# Problem to solve:
Pictures in the data should be dropped; transcribe exactly the lines from the one that has "COLLISTAR attivi puri" through the one that has "L-Lysine (100 capsules)".

# Input:
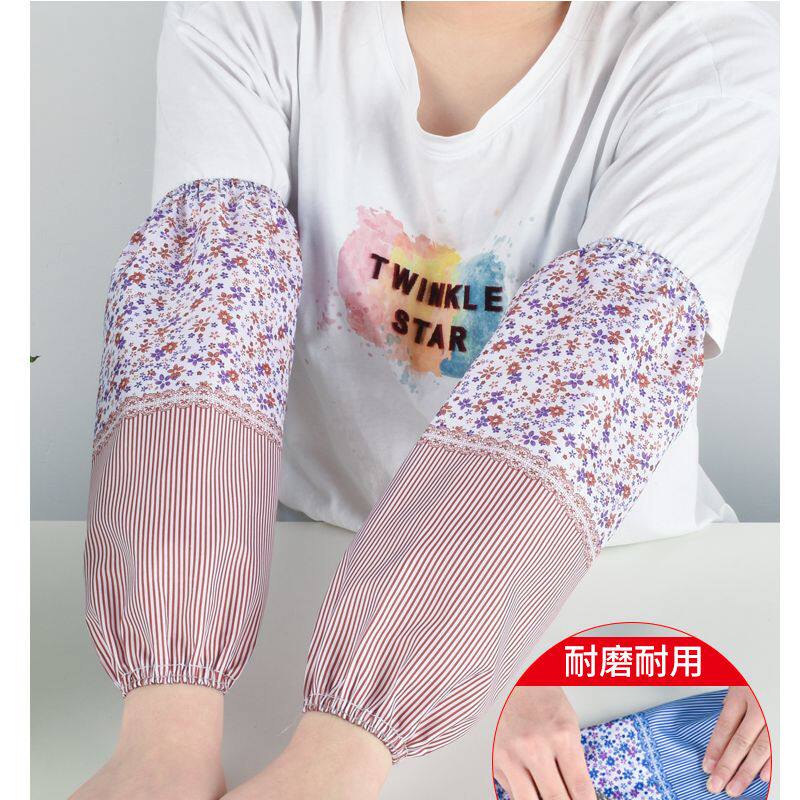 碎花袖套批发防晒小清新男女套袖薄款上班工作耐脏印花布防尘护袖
* * *
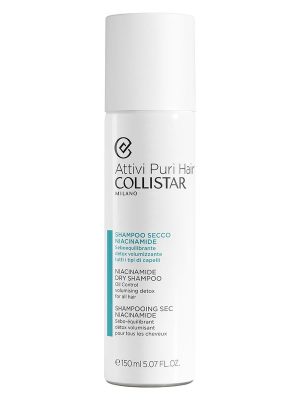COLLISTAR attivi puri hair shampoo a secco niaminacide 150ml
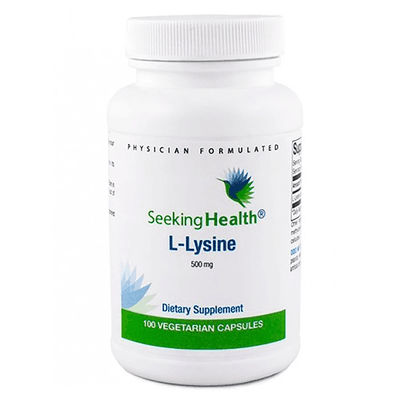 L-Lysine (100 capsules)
* * *
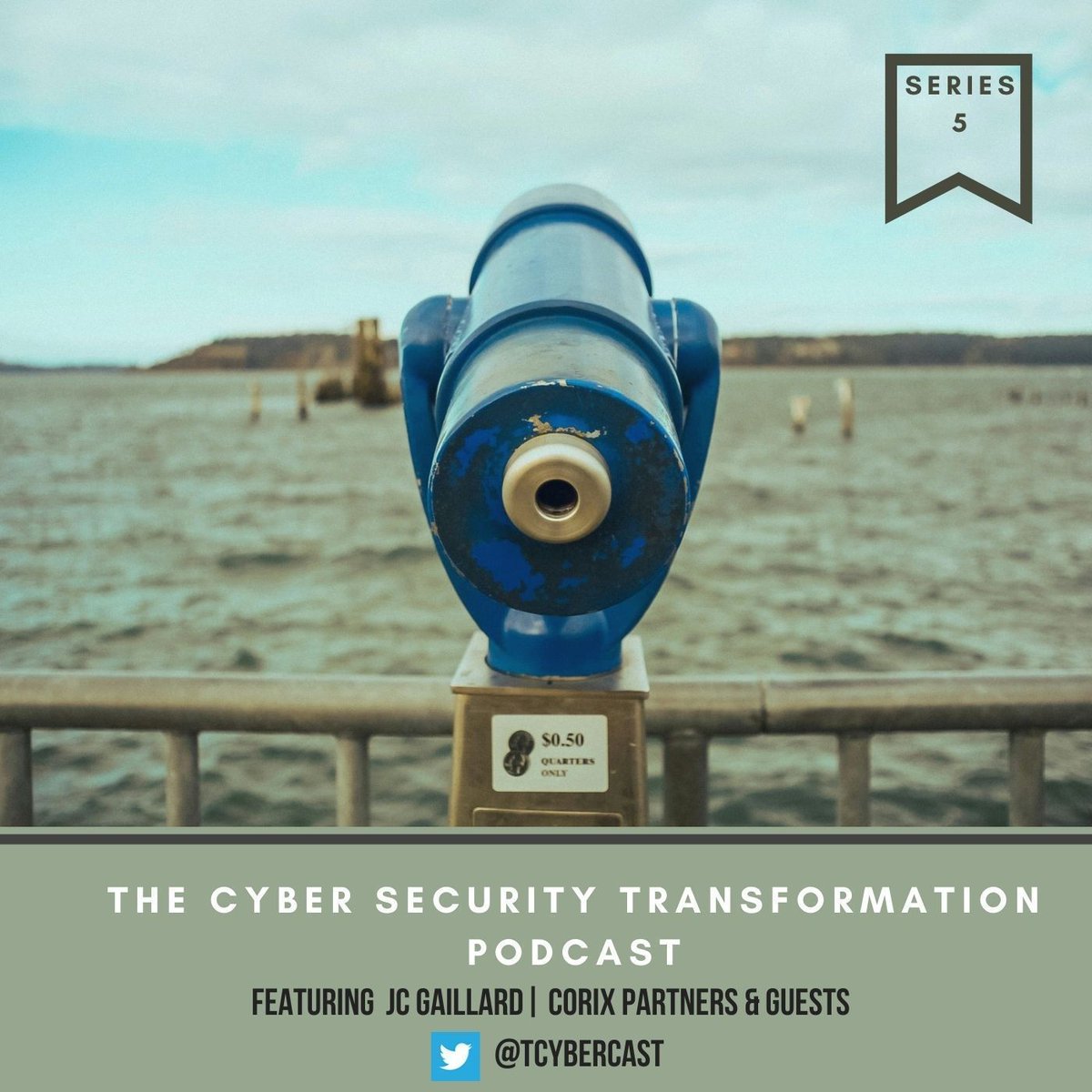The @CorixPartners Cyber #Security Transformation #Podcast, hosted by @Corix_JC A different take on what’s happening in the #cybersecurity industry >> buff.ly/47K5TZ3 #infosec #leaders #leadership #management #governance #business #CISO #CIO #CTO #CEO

# Finished exercise:
COLLISTAR attivi puri hair shampoo a secco niaminacide 150ml
 L-Lysine (100 capsules)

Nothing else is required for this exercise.